Frequently Asked Questions

Why not use a fluorescent protein?

Using a fluorescent protein has its advantages over our system but as does our system compared to a fluorescent protein(FP). The main advantage that our system might have over a FP is that there is no limit to expandability. When there are around 3 to more FP’s emitting a degree of interference starts to occur.

Wont endogenous methylation cause interference?

E. coli posses several own methyltransferases which are used for epigenetic purposes of E. coli’s own genome. Our scan of these endogenous methyltransferases do not indicate that any of them posses the ability to bind to our M.ScaI-recognition site and are thus not able to methylate the site.

Will the fusion-protein fold correctly or be processed by E. coli’s native systems?

At the moment there is no indication that this will be the case. Separately the parts of the protein have been translated and expressed in E. coli without complications.

Will the introduced methyl-tranferase cause problems inside the microorganism?

Right now all our experiments are conducted in the DH5alpha strain of E. coli which does not posses the M.ScaI methyltransferase we use. Actually the M.ScaI is a type 4 methyltransferase, of which none are or any recognition sites endogenously occur in E. coli. After BLAST searching the E. coli genome we also did not find any potential binding site for our M.ScaI.

Wont the memory plasmid be cut or processed by the endogenous restriction enzymes?

The chosen restriction sites in our plasmid are not recognized by E. coli’s endogenous restriction enzymes. The plasmid backbones and vectors that are used have all been previously used or expressed in E. coli without any complications.

If there is leaky expression of the protein, would this cause interference?

Replication creates a progeny without a logged signal, eventually you would lose the logged signals? This perspective differs in the application the system is used for. If something is being sensed that continues to activate the sensors linked to the system this isn’t a problem. If there sensed compound is not degradable there also is not a problem. If a time-indication based sensing is done the loss of logged signal to the progeny is actually desired. Also there is the factor of using a high- or a low-copy plasmid. In the case of using a high-copy plasmid there will be enough of the fusion protein divided during replication to keep the progeny methylated.

How much specificity is created by the Zinc-finger?

The Zinc-finger uses an unique 18 bp sequence which isn’t found anywhere else on the plasmid or in the genome of E. coli. Attached to the M.ScaI which has its own probability of binding (PoB) it multiplies the overall PoB to a much higher specificity.
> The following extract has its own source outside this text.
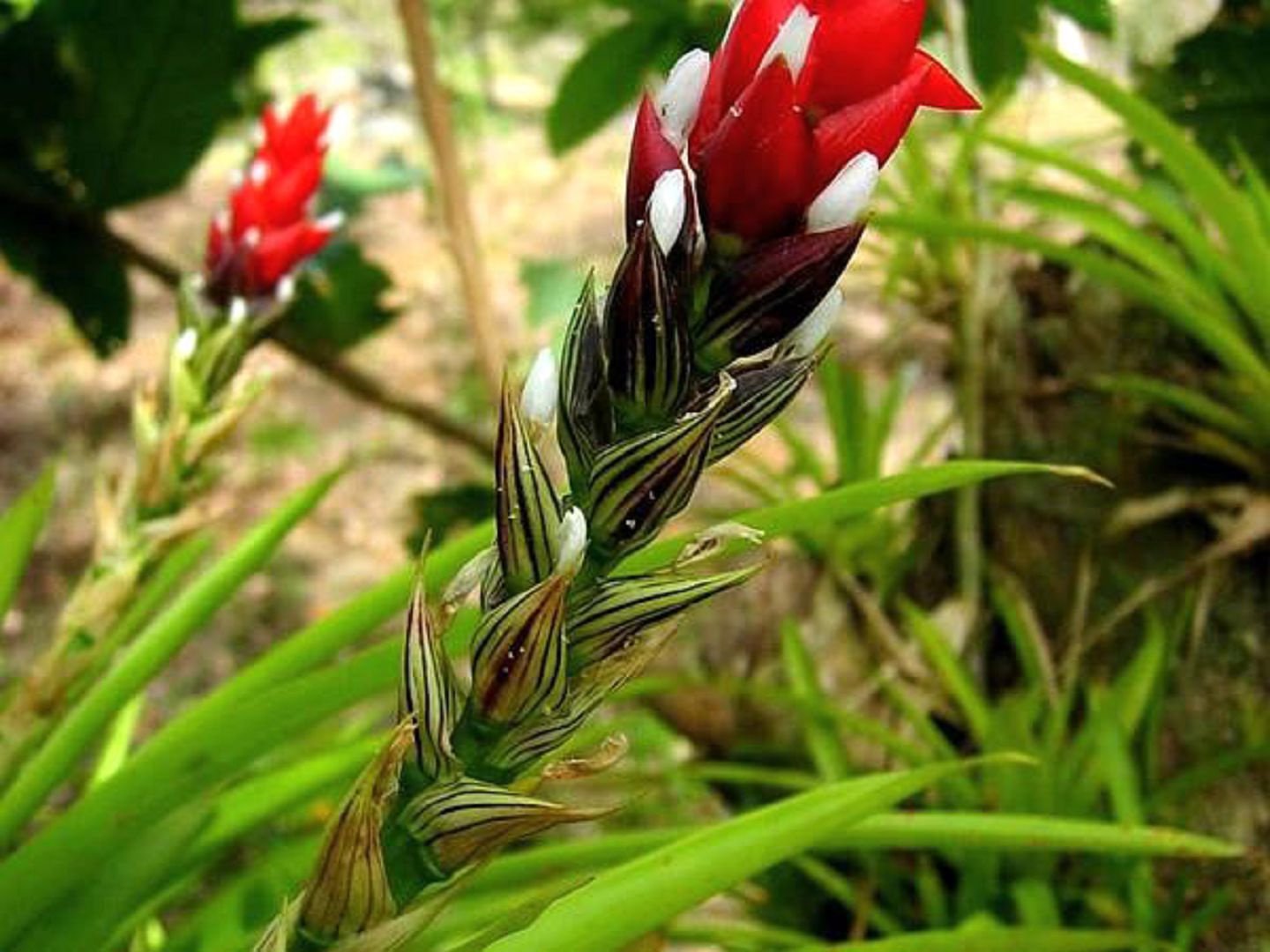 Guzmania one-banded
Would constitutive active promoters cause random or unspecific methylation?

This is fine-tuned and/or dependent on the conditions that the experiment is being done in. Factors contributing in this are; the degradation time of the fusion protein, high or low copy plasmid and the amount of different sites present. If the degradation time is really fast then a constitutive active promoter is desirable. If slow then it is unwanted. When using a low copy plasmid it can be desirable, when using a high copy plasmid it could be unwanted.

When is choosing between a high or low copy plasmid the best approach?
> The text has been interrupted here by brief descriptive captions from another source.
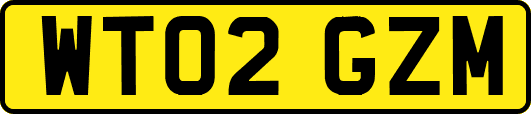WT02GZM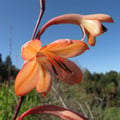 WATSONIA MERIANA VAR BULBILLIFERA (Bulbils) seed image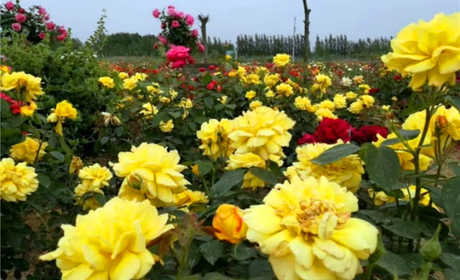 仅15元，享原价20元【菏泽】曹州玫瑰园门票，给她无线的浪漫和惊喜 ，置身玫瑰的芳香，重塑玫瑰的多彩！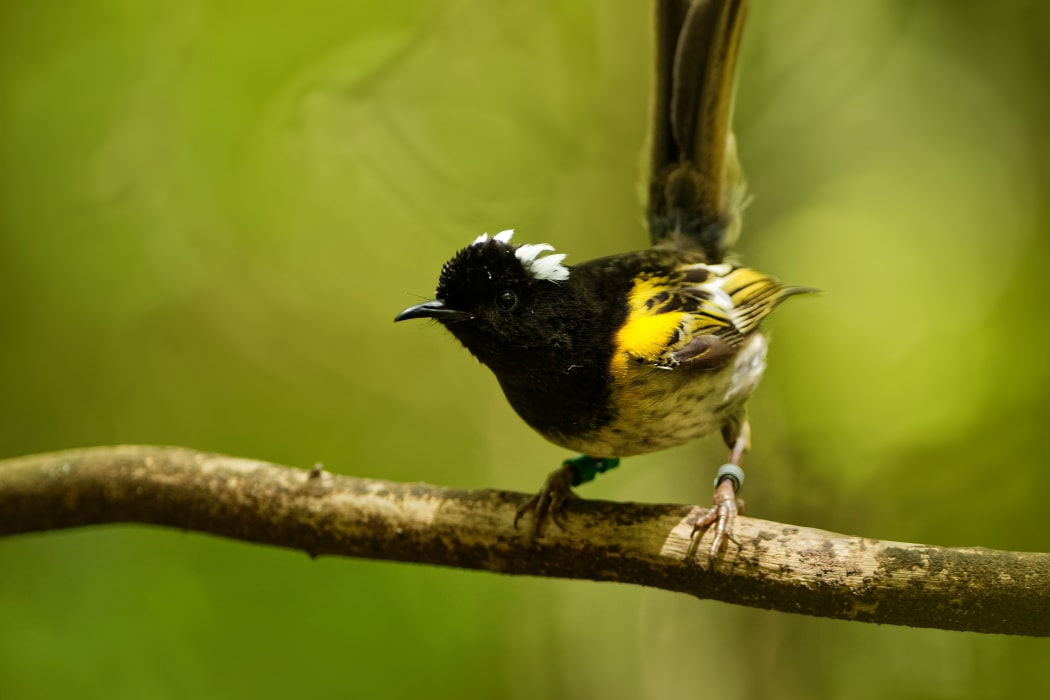 Hihi bird.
If the intention is to store the occurrence of something for a longer period the best approach would be the high-copy plasmid.

In the event of a time-concentration storage a low-copy plasmid could be used since there is less chance of the progeny receiving any Mtase during replication.

How long before the fusion protein is degraded?

This depends on the three parts of which the fusion protein is composed of. First of all the degradation of the methyltransferase is the main part which will cause lose of function when degraded and is where the main focus for this question should lie on.

The Zn-finger would, when degraded, only lower the specificity of the fusion protein and enable the M.ScaI part to bind in random places.

The Myc-linker part would also create an unfortunate circumstance when degraded by releasing the Mtase into the cytoplasm for free binding at random sites.